Task goal: For the material below, return exactly the lines starting at the line containing "Volume 21, Nr." and ending at the line containing "Velvet slit tuxedo dress", both ends included, and no others.

Available data:
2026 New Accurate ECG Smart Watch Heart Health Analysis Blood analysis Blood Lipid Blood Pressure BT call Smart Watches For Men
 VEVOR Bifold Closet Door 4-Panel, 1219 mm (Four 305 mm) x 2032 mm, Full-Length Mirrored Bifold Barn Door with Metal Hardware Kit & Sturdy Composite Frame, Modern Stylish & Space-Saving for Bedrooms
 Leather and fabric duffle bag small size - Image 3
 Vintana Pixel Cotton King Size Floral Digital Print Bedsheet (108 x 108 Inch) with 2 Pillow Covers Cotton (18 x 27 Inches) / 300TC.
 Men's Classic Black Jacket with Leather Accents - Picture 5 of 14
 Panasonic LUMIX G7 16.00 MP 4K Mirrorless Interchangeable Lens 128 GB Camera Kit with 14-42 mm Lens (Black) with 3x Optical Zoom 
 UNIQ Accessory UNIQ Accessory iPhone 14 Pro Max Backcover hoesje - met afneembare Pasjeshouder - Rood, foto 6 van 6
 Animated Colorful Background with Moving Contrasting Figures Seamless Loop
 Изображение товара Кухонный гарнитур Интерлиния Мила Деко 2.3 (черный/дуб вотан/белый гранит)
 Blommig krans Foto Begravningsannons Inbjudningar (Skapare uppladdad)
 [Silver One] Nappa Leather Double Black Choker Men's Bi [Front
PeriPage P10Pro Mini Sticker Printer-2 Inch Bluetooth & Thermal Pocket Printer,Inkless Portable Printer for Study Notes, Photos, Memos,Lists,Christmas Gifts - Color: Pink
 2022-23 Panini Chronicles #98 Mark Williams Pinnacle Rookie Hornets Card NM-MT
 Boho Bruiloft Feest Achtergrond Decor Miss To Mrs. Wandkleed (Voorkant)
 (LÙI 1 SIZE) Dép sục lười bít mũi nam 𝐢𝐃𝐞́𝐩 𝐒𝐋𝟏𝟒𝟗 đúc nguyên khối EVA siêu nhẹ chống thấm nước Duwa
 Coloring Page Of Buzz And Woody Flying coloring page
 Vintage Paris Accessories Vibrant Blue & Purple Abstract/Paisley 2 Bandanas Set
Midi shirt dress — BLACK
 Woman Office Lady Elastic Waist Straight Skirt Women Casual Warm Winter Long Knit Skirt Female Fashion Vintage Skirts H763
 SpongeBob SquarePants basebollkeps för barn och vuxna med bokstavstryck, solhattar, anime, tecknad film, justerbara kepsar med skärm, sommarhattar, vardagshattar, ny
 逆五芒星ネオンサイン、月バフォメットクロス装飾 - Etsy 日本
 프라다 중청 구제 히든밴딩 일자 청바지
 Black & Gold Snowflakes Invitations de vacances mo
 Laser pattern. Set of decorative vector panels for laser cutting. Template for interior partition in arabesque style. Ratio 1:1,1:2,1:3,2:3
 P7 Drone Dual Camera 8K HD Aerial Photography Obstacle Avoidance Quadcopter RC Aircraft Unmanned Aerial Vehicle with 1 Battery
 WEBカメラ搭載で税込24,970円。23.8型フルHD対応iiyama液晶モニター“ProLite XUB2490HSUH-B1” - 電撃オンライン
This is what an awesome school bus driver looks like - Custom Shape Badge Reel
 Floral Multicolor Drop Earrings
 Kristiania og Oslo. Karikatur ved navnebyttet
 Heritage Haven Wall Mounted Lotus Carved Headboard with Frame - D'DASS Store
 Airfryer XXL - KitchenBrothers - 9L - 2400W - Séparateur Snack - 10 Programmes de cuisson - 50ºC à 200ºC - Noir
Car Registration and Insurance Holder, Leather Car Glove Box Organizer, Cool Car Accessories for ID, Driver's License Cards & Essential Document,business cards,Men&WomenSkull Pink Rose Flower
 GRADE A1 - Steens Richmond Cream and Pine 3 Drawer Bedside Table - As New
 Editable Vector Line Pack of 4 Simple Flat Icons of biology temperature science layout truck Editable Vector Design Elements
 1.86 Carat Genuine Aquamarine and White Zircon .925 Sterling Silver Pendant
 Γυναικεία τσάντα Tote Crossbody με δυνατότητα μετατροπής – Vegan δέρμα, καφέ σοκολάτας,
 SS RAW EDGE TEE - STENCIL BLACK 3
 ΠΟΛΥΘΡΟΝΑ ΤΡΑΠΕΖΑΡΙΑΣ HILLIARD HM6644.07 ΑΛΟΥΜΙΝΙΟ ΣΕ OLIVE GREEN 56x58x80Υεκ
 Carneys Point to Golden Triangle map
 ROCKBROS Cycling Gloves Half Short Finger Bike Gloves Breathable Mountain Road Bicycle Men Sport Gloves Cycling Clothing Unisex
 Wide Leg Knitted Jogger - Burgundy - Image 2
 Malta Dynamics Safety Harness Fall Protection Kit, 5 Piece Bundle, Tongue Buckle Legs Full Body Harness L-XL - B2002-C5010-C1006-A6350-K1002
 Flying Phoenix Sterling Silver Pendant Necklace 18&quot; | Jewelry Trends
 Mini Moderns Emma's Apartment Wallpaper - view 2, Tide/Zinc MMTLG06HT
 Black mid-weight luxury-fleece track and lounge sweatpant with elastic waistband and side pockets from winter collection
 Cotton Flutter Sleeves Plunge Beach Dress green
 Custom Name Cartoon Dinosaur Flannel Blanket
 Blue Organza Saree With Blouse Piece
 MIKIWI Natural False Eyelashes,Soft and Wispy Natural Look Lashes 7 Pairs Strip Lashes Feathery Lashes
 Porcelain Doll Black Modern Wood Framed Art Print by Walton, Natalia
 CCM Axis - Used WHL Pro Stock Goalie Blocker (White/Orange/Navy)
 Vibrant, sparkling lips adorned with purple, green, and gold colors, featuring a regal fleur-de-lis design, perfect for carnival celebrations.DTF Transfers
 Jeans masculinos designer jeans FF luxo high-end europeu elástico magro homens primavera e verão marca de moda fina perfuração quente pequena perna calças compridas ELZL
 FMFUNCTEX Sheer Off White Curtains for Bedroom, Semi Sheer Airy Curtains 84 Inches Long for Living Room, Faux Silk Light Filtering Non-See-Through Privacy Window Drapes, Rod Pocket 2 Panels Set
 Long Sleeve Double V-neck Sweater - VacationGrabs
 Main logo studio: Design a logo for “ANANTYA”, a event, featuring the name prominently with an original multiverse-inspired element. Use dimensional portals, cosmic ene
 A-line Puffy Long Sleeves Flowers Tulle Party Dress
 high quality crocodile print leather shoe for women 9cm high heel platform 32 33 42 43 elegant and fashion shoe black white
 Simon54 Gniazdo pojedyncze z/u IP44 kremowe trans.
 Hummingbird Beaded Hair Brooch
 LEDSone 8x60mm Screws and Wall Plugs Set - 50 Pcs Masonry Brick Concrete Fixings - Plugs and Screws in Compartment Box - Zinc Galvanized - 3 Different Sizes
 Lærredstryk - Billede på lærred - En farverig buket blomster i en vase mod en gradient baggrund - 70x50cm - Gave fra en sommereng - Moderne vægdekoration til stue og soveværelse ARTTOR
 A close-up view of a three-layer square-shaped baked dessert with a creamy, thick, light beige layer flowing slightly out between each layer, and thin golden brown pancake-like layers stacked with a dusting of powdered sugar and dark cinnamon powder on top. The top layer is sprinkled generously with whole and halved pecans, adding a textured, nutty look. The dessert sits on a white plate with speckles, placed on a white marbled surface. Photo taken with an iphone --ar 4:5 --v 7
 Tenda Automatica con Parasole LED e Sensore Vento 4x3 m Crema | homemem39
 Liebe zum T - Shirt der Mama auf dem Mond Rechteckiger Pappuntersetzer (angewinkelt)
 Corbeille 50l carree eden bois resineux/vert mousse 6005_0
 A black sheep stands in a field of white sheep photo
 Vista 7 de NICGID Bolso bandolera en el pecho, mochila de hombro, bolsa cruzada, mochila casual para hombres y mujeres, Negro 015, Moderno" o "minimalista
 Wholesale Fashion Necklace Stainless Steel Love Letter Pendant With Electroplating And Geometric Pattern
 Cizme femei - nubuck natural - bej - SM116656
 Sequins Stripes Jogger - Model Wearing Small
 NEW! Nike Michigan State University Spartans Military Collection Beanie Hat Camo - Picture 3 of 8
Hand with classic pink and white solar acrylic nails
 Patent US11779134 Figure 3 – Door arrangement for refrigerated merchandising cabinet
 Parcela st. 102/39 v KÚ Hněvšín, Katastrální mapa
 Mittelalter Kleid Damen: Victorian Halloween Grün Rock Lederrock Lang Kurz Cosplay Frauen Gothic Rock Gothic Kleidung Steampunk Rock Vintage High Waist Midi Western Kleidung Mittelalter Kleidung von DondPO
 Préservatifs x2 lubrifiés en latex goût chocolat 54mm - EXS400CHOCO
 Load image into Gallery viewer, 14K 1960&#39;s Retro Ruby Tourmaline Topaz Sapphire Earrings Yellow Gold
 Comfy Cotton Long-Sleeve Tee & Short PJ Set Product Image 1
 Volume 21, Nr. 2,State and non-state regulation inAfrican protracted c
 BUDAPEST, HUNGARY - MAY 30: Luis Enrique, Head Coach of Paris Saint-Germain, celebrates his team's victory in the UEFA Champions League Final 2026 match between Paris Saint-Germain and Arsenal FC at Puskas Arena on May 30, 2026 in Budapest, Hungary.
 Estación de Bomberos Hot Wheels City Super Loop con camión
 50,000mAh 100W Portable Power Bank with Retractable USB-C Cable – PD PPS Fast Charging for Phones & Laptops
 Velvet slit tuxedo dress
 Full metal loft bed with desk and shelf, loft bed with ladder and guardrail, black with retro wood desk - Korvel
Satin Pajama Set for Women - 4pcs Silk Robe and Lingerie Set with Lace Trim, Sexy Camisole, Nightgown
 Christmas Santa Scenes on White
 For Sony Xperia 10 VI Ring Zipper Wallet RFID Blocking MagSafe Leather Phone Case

Your response:
 Volume 21, Nr. 2,State and non-state regulation inAfrican protracted c
 BUDAPEST, HUNGARY - MAY 30: Luis Enrique, Head Coach of Paris Saint-Germain, celebrates his team's victory in the UEFA Champions League Final 2026 match between Paris Saint-Germain and Arsenal FC at Puskas Arena on May 30, 2026 in Budapest, Hungary.
 Estación de Bomberos Hot Wheels City Super Loop con camión
 50,000mAh 100W Portable Power Bank with Retractable USB-C Cable – PD PPS Fast Charging for Phones & Laptops
 Velvet slit tuxedo dress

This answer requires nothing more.